[Input data]

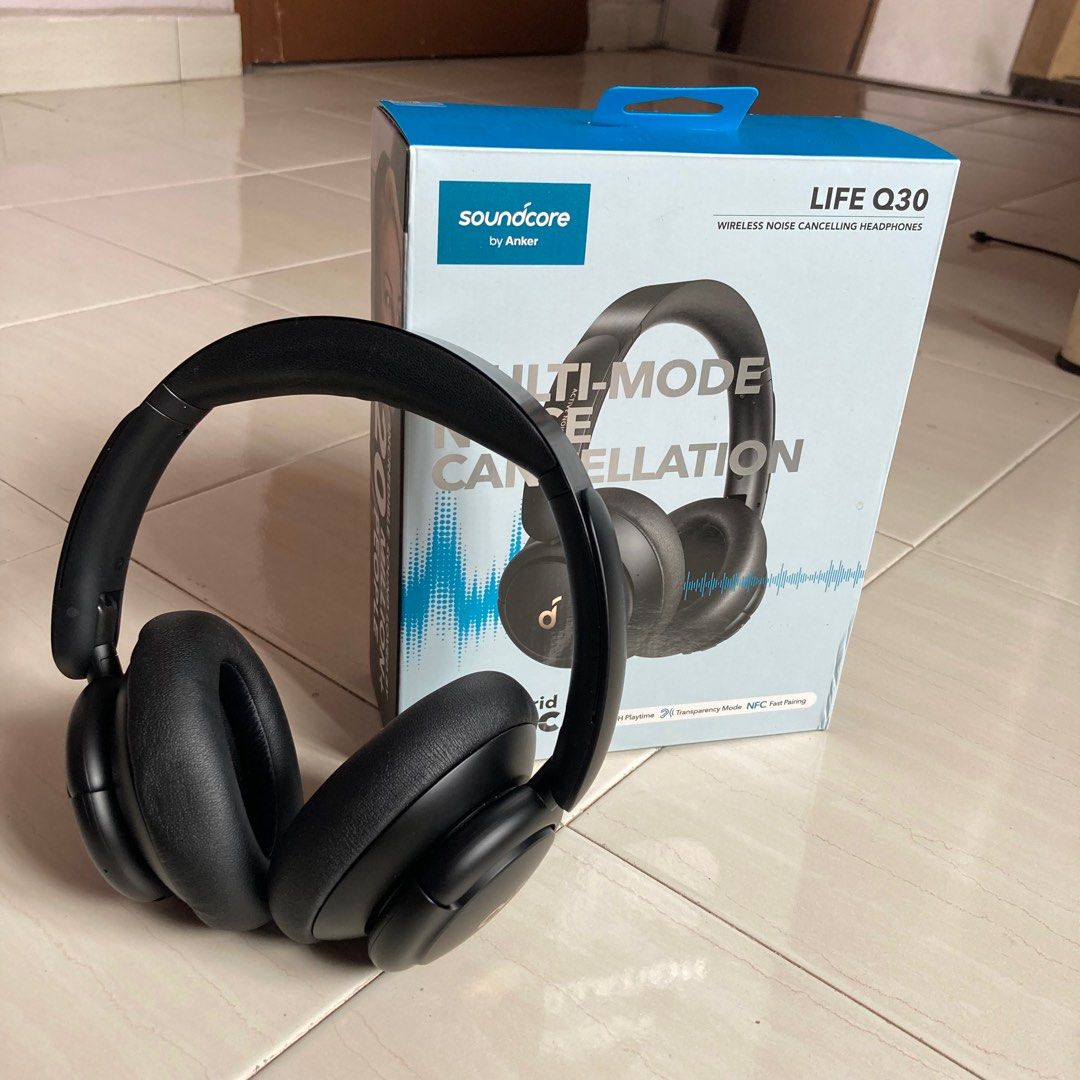Anker Soundcore Life Q30 Hybrid Active Noise Cancelling Headphone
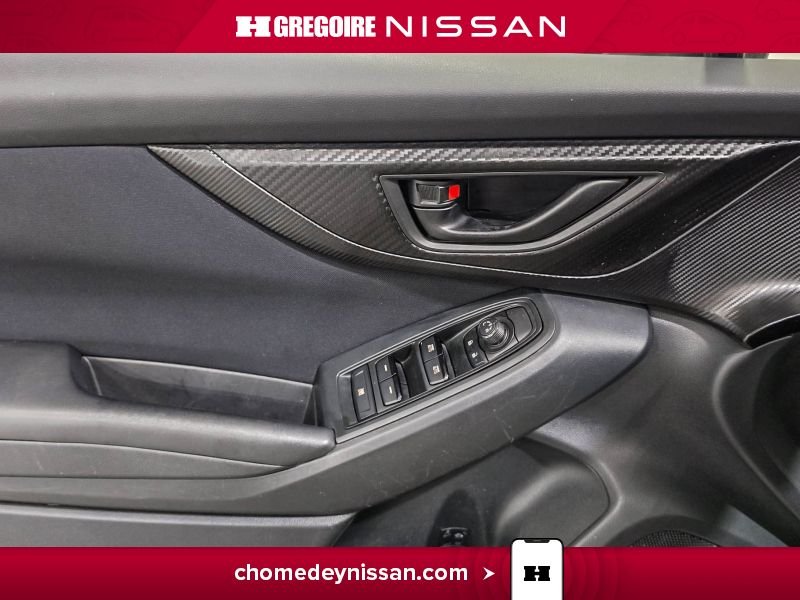 Subaru Crosstrek CL6945 | Convenience * Caméra * Bluetooth * Mag * 2018 Blanc Laval - photo #12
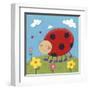 Mini Bugs IV-Sophie Harding-Framed Art Print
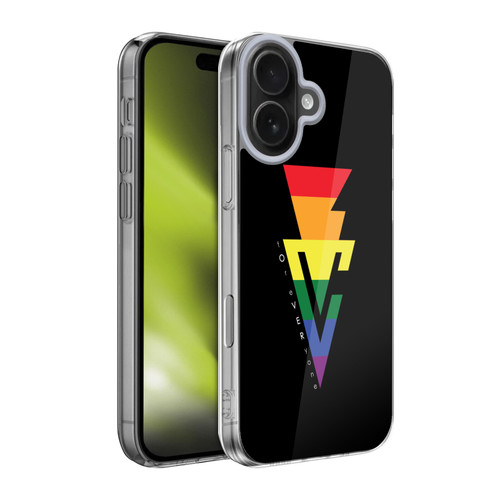WWE Superstars 7 Finn Bàlor Club For Everyone Soft Gel Case for Apple iPhone 17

[/Input data]

» Your objective:
With the pictures omitted, write out exactly the lines from the one that contains "Mini Bugs IV-Sophie Harding-Framed Art Print" through the final line of the material above, both ends included.

» Answer section:
 Mini Bugs IV-Sophie Harding-Framed Art Print
WWE Superstars 7 Finn Bàlor Club For Everyone Soft Gel Case for Apple iPhone 17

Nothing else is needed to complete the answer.